Un diario comunista nell’ora più difficile
Scaffale «Clandestino a Parigi» di Celeste Negarville, per Donzelli. Politica e privato del dirigente Pci in queste pagine scritte tra 1940 e 1943 nella Francia occupata
Scaffale «Clandestino a Parigi» di Celeste Negarville, per Donzelli. Politica e privato del dirigente Pci in queste pagine scritte tra 1940 e 1943 nella Francia occupata
La storiografia sul Pci si caratterizza per una grande ricchezza memorialistica, che non ha avuto eguali in altri partiti comunisti. Molto più rari sono stati invece i contributi diaristici. E proprio da questo punto di vista, il diario di Celeste Negarville, pubblicato in Clandestino a Parigi (Donzelli, pp. 164, euro 19) costituisce, come scrive nella sua bella introduzione Aldo Agosti, un documento straordinario.
ESSO, INFATTI, ci permette di seguire dall’interno il periodo forse più lacerante dell’intera storia del Pci, quello successivo alla firma del patto tedesco-sovietico: la rottura traumatica dell’unità antifascista e la ricaduta nell’illegalità, dapprima nell’agonia della Francia durante la «strana guerra» e poi del suo crollo finale sotto l’occupazione tedesca e il regime di Vichy. Inoltre, proprio questo tipo di fonti è il più adatto per riportare le soggettività comuniste alla dimensione umana di persone reali, ciascuna con la propria storia e la propria individualità, al di là di classificazioni astratte e stereotipate, se non proprio «demonizzanti».
Negarville fu allora chiamato a compiti di direzione e anche a delicate incombenze organizzative e logistiche nell’illegalità, in condizioni di altissimo rischio personale. Di qui l’assenza di ogni esplicito riferimento politico in tutta la prima parte del diario, la cui cifra dominante è la cautela cospirativa. E tuttavia le pagine del primo quaderno trasmettono una sensazione di solitudine e di sgomento che sembra unire la sfera politica e quella privata, pur nella continuità della propria storia e della propria «scelta di vita». Sembra qui potersi cogliere non solo il peso dell’immane tragedia dell’occupazione nazi-fascista dell’Europa, ma anche il trauma e l’assenza di prospettive in cui dopo il rinnegamento della stagione dei Fronti popolari erano stati travolti i partiti comunisti, privati di ogni soggettività e ridotti al ruolo di meri spettatori passivi degli eventi in corso.

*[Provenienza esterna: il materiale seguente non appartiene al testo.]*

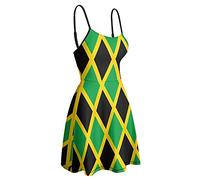 Jamaican Flag Women Sling Dress Sleeveless Spaghetti Strap Dresses Mini Beach Workout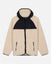 Two-tone sherpa jacket with beige front and black hood on a light gray background#color_sandshell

RIFERIMENTI POLITICI diretti riemergeranno nel diario solo dopo l’aggressione nazista all’Urss e la riapertura di prospettive di ampio respiro nei movimenti della Resistenza. All’opposto, ciò che prevale per il momento è la dimensione personale di una «vita spezzata» nell’assenza totale di notizie della moglie Nora e della figlia Lucetta, nell’angoscia per la loro sorte, per le rinunce passate e presenti imposte dalla condizione di «rivoluzionario professionale», ma anche nel timore di una definitiva rottura dei legami affettivi e familiari che agita i sogni ricorrenti del clandestino.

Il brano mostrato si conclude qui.